At the end of this report, I will list the current top 10 Data Science questions (across all Tag types) as of May 25 2021 by extracting them from the appropriate data site. I will provide a link to where I obtained the information.
Here are a few example "Tags" available within the Data Science Community:
Here are a few top post questions:
The two separate SQL 'SELECT' commands shown above generated the two subsequent tables.
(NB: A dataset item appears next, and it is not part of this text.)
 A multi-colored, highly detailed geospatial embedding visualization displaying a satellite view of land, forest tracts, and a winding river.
The first table on the left shows the different types of posts available within Data Science Stack Exchange. The table on the right shows the quantity of posts for each type of post.
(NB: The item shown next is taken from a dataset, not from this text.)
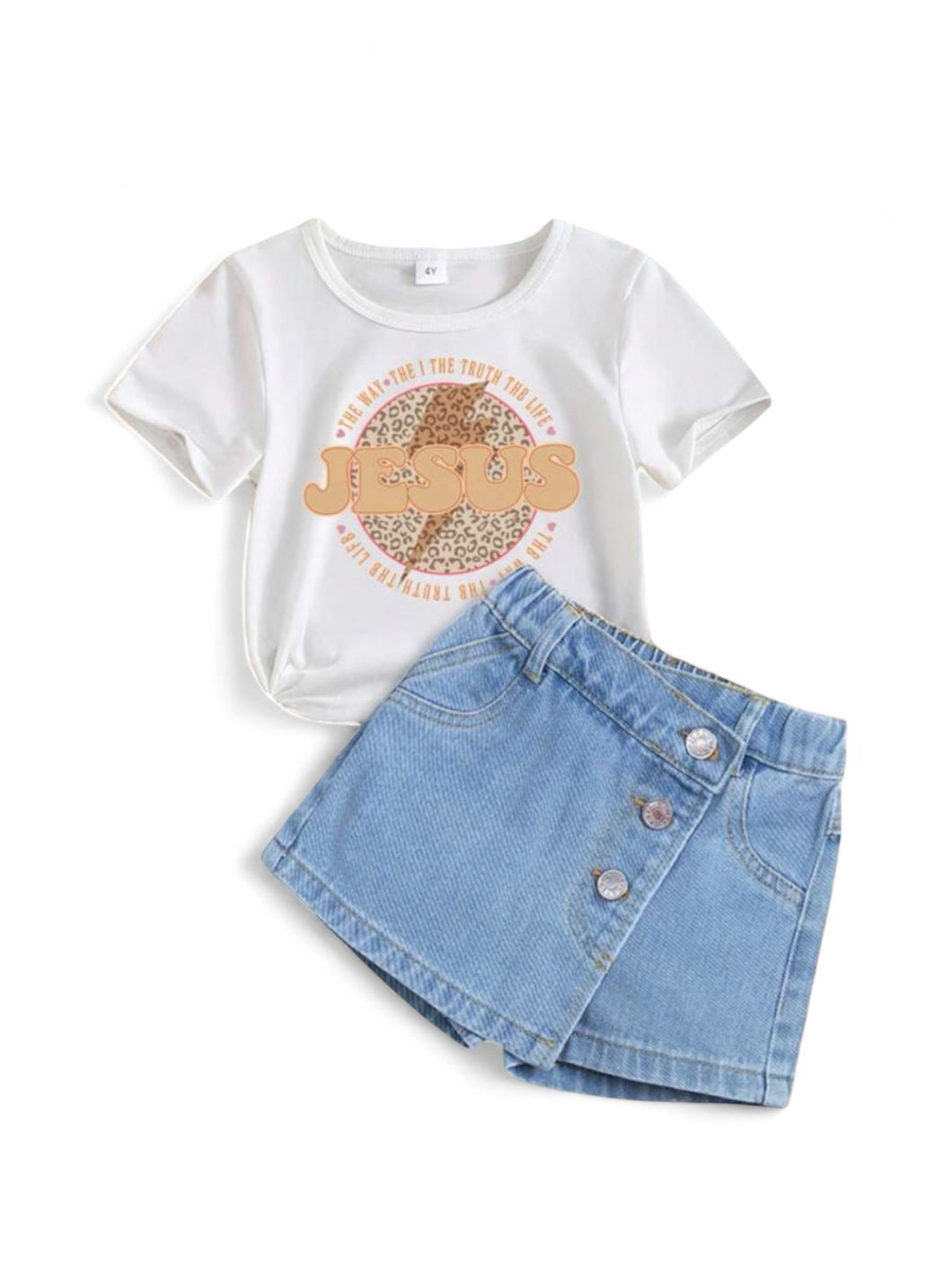 Jesus top with jeans skirt girl set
The top two post types are Answer (32404) and Question (28881). It makes sense to me that there are more Answer posts since answers from different users may be provided for a single question.
The table above shows the type of information contained within the 'Posts' table. The information under the 'Tags' column shows that there are times when a question has multiple 'Tags' it can be classified under.
Later in this project we will observe the frequency of tag types and summarize the top 20. Tag types doesn't provide us the exact questions posed but they can give us an idea of the subject matter questions were related to.
# perform all appropriate import 'libraries' to ensure
# executability of various commands.
import pandas as pd
import numpy as np
import matplotlib.pyplot as plt
import seaborn as sns
# read data file provided for analysis.
questions = pd.read_csv('2019_questions.csv', na_values=['Not Stated'])
# print column headings and file info to get a feel for
# the data file content and structure.
print(questions.columns, '\n')
print(questions.info(), '\n')
print(questions.isna().sum(), '\n')
print(questions.head())
# convert 'FavoriteCount' column from float64 to int64.
questions['FavoriteCount'] = questions['FavoriteCount'].fillna(0).astype(np.int64)
# convert CreationDate from object to datetime64.
questions['CreationDate'] = pd.to_datetime(questions['CreationDate'])
# confirm successful conversions.
print(questions.info())
# replace tag separators '><' with commas and
# remove '<' and '>' from beginning and end of Tags.
# this creates lists within Tags column.
questions['Tags'] = questions['Tags'].str.replace('><',',')
questions['Tags'] = questions['Tags'].str.replace('<','')
questions['Tags'] = questions['Tags'].str.replace('>','')
# confirm successful executions.
print(questions.head())
# use the 'explode' code to transform each element of the list-structure
# in Tags column confining tags to single value under same column name.
new = questions.assign(Tags=questions['Tags'].str.split(',')).explode('Tags')
print(new.info(), '\n')
# count quantity of times each tag type was used
# and limit output to top 20.
print('\033[1mTop 20 Data Science Tags in 2019 \033[0m')
new.Tags.value_counts().nlargest(20)
# plot a horizontal bar chart to provide visualization
# of top 20 Data Science tags used in 2019.
print('\n')
fig, ax = plt.subplots(figsize=(30,20))
new['Tags'].value_counts()[:20].sort_values(ascending=True).plot(kind='barh')
plt.title('TOP 20 Data Science Tags Used in 2019', fontsize=55, pad = 30)
plt.xlabel('Qty of Tag Usage', fontsize=45, labelpad = 30)
plt.xticks(fontsize=35, rotation=0)
plt.ylabel('Data Science Tag Names', fontsize=45)
plt.yticks(fontsize=35)
sns.despine(bottom=False, left=True)
ax.grid(False)
ax.tick_params(bottom=True, left=False, pad=15)
plt.show()
The bar plot above shows the top 20 Data Science tags used in 2019.
One good question is; "Are these tags totally independent of each other or is there some inter-relationship between any of them?"
Well, there is a devoted section within the Data Science Stack Exchange web site under the title 'Tags' that provides a brief description of each 'Tag' as shown below. The 'Tag' captions below not only provide a description but also are ordered from highest usage to least regarding the current top 20 as of May 25 2021. They are very close to the top 20 of 2019 as shown in the above graph.
Regarding 'Tag' descriptions, there is definitely inter-relationship between various tags. For example, there are sub-categories of 'machine-learning' such as: 'deep-learning', 'scikit-learn', tensorflow' and so on.